# Catalytic Failure



## Worthy 2 Keep (Sep 2, 2009)

Looking for advice from a mechanic or any one with similar vehicle experience. I am currently at a loss on where to begin fixing my current issue. I am running a 2004 Chevy Silverado z71ext. cab with the 5.3L engine at 125,000 miles. Other than the normal oil and trans fluid changes, brakes, roters, calipers, and air filter, I haven't made a lot of changes / maintenance to the vehicle. Earlier this year I put on a leveling kit and upgraded to a larger tire. I noticed a slight drop in mpg's but was expecting that and it remained consistent until about three weeks ago. I had just had my emissions testing done in early August for the inspection, and no codes or trouble with the inspection. I began hearing a rattle from under the truck and pinpointed it to the drivers side catalytic converter. Definitely hear the rattle when rubber mallet tapped against cat while engine is off. So this means the catalyst has broken up and not working. The two causes of this I have researched is a physical impact of the cat, which hasn't happened with me in the vehicle and visual shows no physical damage, and thermal shock, in which a hot cat is exposed to an extremely cold environment fast enough to cause the catalysts to fracture, typically happening in snow/ice conditions. I did have to drive through high water after highway driving for 20 minutes on my way to work one morning about 3 weeks ago. The truck is currently sucking down gas and downshifting on every overpass due to the loss in power, and not a single check engine light has come on. I know without a doubt the cat has to be changed. Not sure about all four of the O2 sensors, however I still need to pinpoint the root cause of the cat failure so that it doesn't kill the new cat. My questions are where to start without replacing all of the known causes, mass air sensor, plugs, plug wires, injectors, fuel rail, knock sensor, pcv valve, MAP sensor, ignition coil etc. While I don't mind replacing these things if it fixes the problem I am trying to avoid the "trial and error" approach. I don't have ANY expendable money so the labor would be done by yours truly. Any ideas?


----------



## snapperlicious (Aug 11, 2009)

Pretty much all of the other things would throw a code if they went bad.


----------



## Worthy 2 Keep (Sep 2, 2009)

snapperlicious said:


> Pretty much all of the other things would throw a code if they went bad.

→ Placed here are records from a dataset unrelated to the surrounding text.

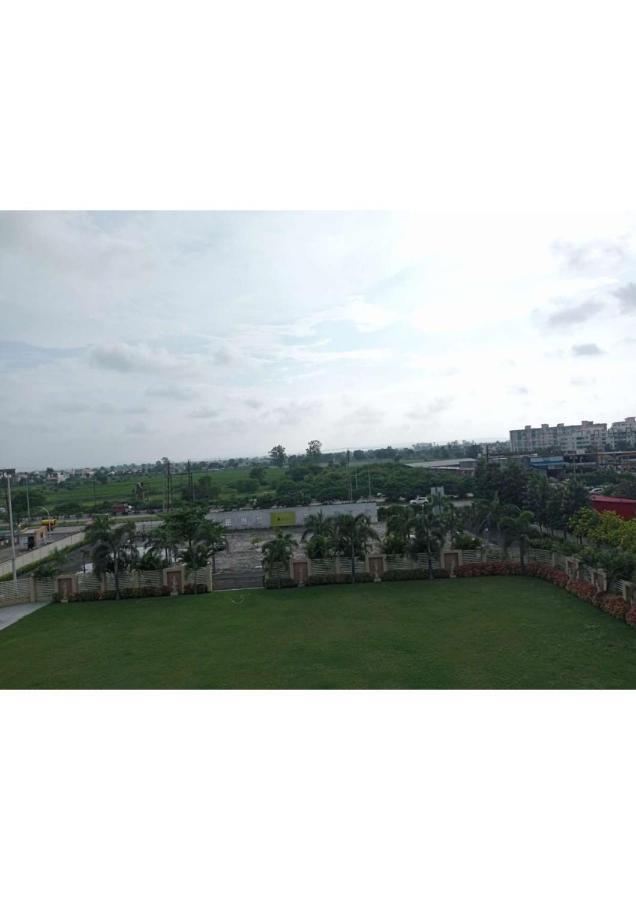 The Celestial Park, Bhopal Exterior photo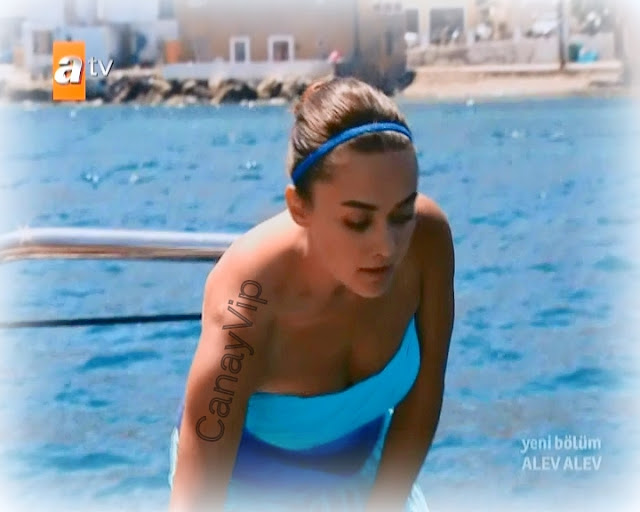 Hande Soral Bikini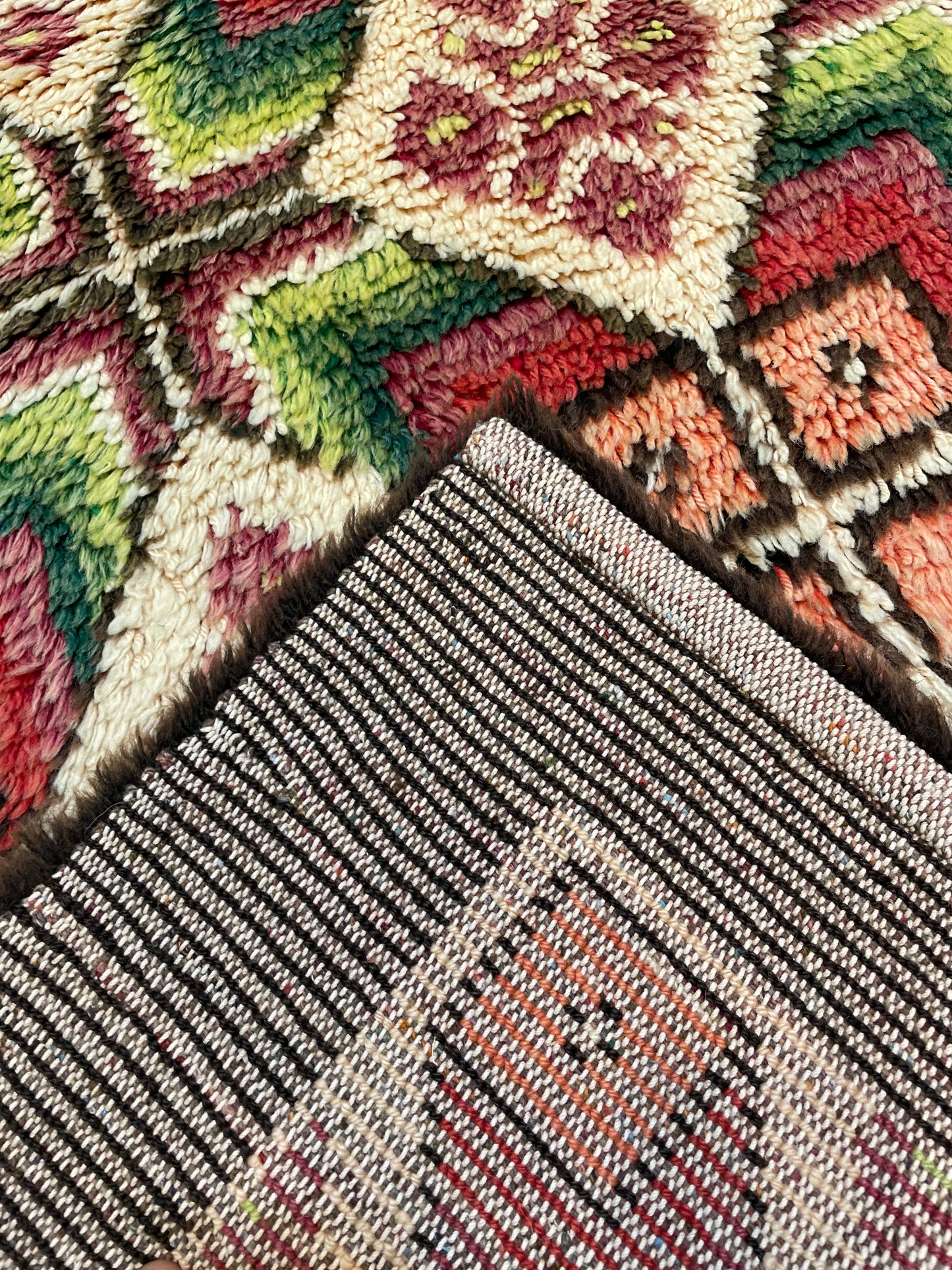 Hand-Knotted Wool Rug Turkish Oushak 4'10" x 6'7"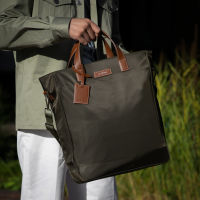 Archive Hoxton Nylon Tote (Olive/Tan) กระเป๋า Tote Bag สะพายข้างผ้าไนลอนกันน้ำป้ายหนังวัวแท้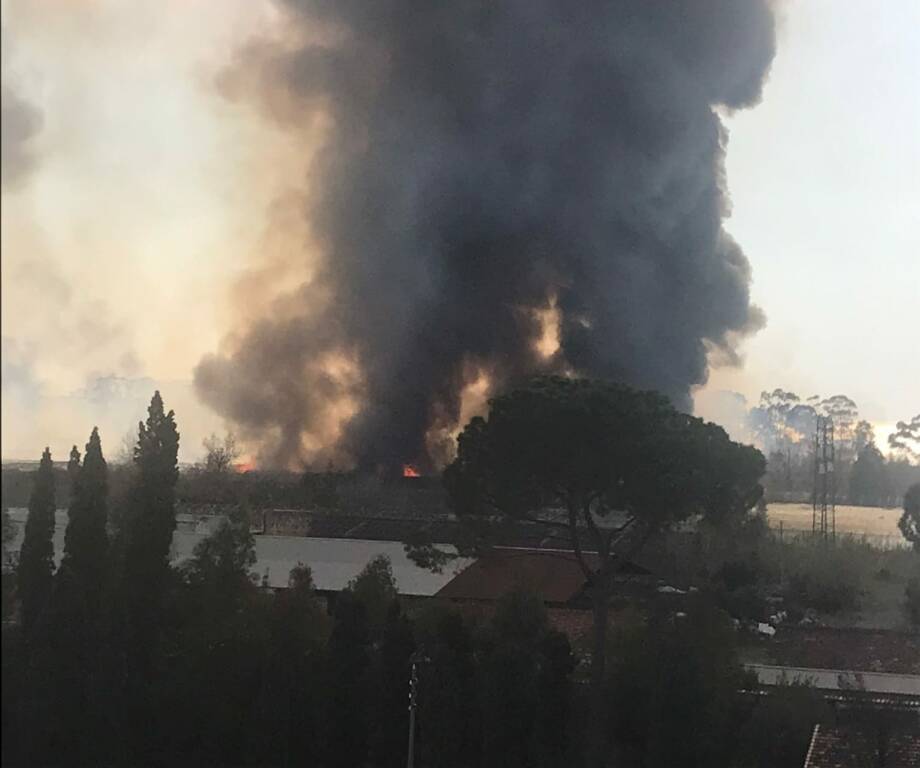 Incendio alla ex Pamafi di Maratea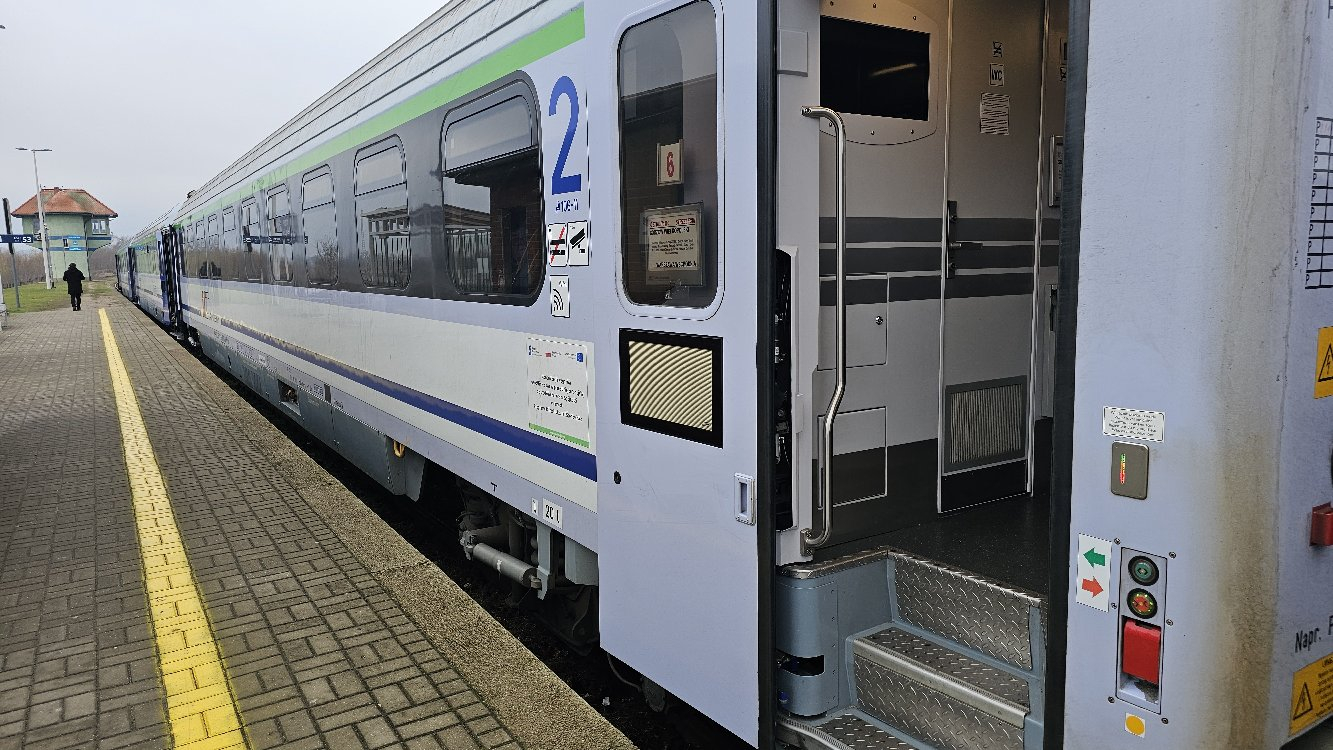 Gorzów wychodzi z kolejowej izolacji. Od grudnia pojedziemy szybciej, dalej, częściej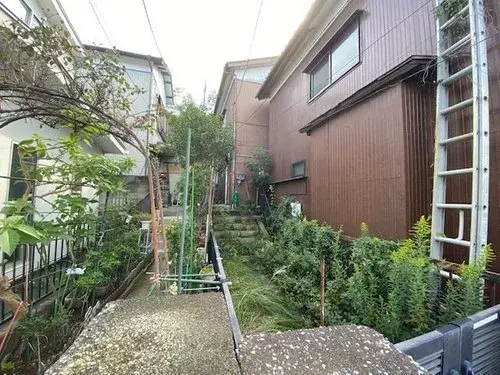 Akiya in Yokohama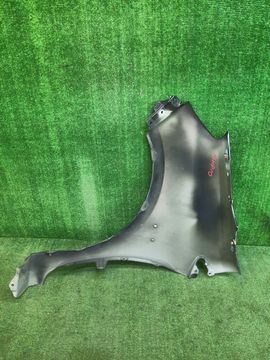 КРЫЛО НА TOYOTA AQUA NHP10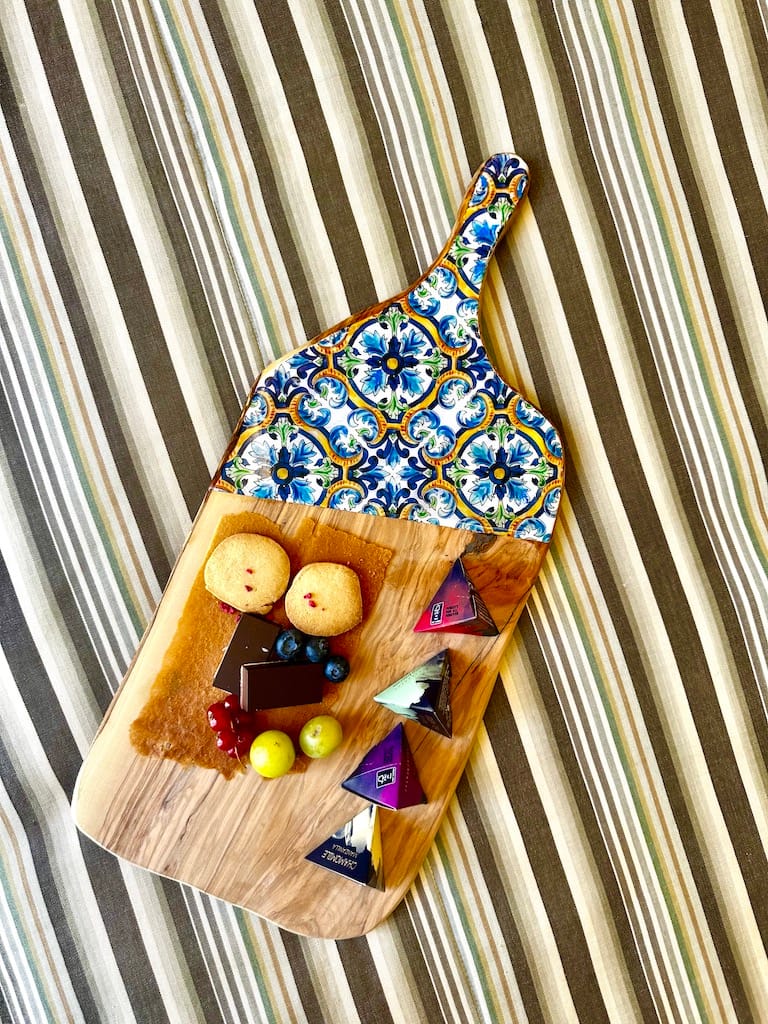 Blue Spanish tile painted-effect olive wood charcuterie paddle board - Mediterranean home decor by Bonnymia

So would they show up as the check engine light flashing, or would you only see them when a scanner is used, cause like I said, I have yet to see the MIL blink even once other than the normal start up ignition sequence.


----------



## capt. david (Dec 29, 2004)

A bad cat should have a code.


----------



## Newbomb Turk (Sep 16, 2005)

Talk to a tuner in your area about installing an aftermarket exhaust with some high flow cats then get it dyno tuned. They'll be able to see all your engine parameters during the tune. They can turn off the rear O2 sensors.


----------



## snapperlicious (Aug 11, 2009)

*Yes*



capt. david said:


> A bad cat should have a code.


All of the other things should have a check engine light and code thrown. I'm not sure of gas engines but for a diesel you'll get a code if there isn't enough back pressure.


----------



## busaro (Dec 29, 2012)

Cat coming apart would def give you code p0420 or p0430 and just cause you here noise in the cat doesn't make the unit bad p0420 catalyst below threshold p0430 catalyst below efficiency threshold so if cat broke up you would get a mil for sure 


Sent from my iPhone using Tapatalk


----------



## iamatt (Aug 28, 2012)

Also don't go cheap on the o2 sensor. Bosch over denso. Tried to go cheap on a chevy and the cheap o2 stem was too short and did not get good reading in exhaust stream, went with 80 dollar bosch and was gtg
Should only need to replace the one in the exhaust manifold. The other downstream ones usually do not have affect on his the engine fuels.


----------



## 4x4tx (Nov 13, 2005)

I'm getting this code p0430 on a 08 Avalanche with 115k miles..is the o2 sensor worth replacing before replacing cat? Anyone have part number and I assume is easy to replace.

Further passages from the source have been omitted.